The WSJ reported earlier this week that “young people’s openness on the web stirs the biggest generation gap since Rock ‘n’ Roll”. In a world of constant surveillance and easily traceable ‘digital footprints’, kids just don’t get embarrassed as easily as their parents do. They know that the intimate details of their lives are just a few mouse clicks away for anyone who is interested enough to look. As such, they’ve come to the conclusion that privacy is an “illusion” and have learned from celebrities and politicians to generate their own publicity before someone else does it for them — the proverbial childhood diary has shed the easily broken locks and has gone online for the world to see (and comment upon). Whereas their parents sat and watched TV, listened to radio and later learned to use the web, the “net generation” (born between 1977 and 1996) grew up as “digital natives”. As a society, we are no longer passive recipients of messages pushed out by advertisers, but instead actively participate in the collaborative development of content exchanges (i.e social networks, blogs, P2P, etc). At two billion strong, the net generation is bigger and more influential than the baby-boomers who helped shape the fading social norms and attitudes of the Rock ‘n’ Roll era. Like it or not, the genie is out of the bottle — the net generation is already beginning to change the way that we interact with each other and, consequently, is forcing us to rethink the way we communicate with our customers. As a result, we’ve all become more discerning consumers and we’re beginning to demand more of a collaborative experience in return for our loyalty.

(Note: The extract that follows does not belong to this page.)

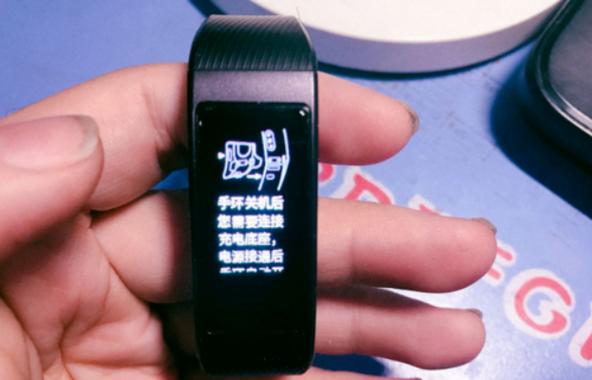 华为手环怎么关机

Many organizational business processes and supporting information systems were designed with the old ‘push’ methods in mind. Invented as a category over 15 years ago, CRM “1.0″ dealt with the inputs and outputs of linear functional processes (i.e. sales, marketing and support). Today, these processes are no longer as linear as they once were. If anyone bothered to draw one, the data flow diagram of the modern customer system would be a squiggly mess of circles and loops — is an angry blogger a customer care issue, a marketing problem or a sales opportunity? All of the above if you understand the problem and are equipped to handle it properly. Forward looking companies understand that the “2.0″ principles are here to stay and are looking at ways that they can harness the power of networks in their customer initiatives. Once example cited by Paul Greenberg in a recent article is P&G’s VocalPoint, whereby:

600,000 moms are given product samples for distribution among their social networks. The lead moms then give the samples out in their informal environment to the identified groupings. They are responsible for gathering feedback on the good and the bad about those products and getting that feedback to P&G. The best of them are called into meetings with P&G to discuss how to modify, add, subtract, etc. from the product that they distributed.

Each of the moms has to have at least 25 people in their network; this equates to a potential focus group of 15 million people! Although the definition is still in the works, the next generation of customer relationship management is going look vastly different than the CRM we know today and I suspect that the “R” part of the acronym will be held in a lot higher regard than it is today.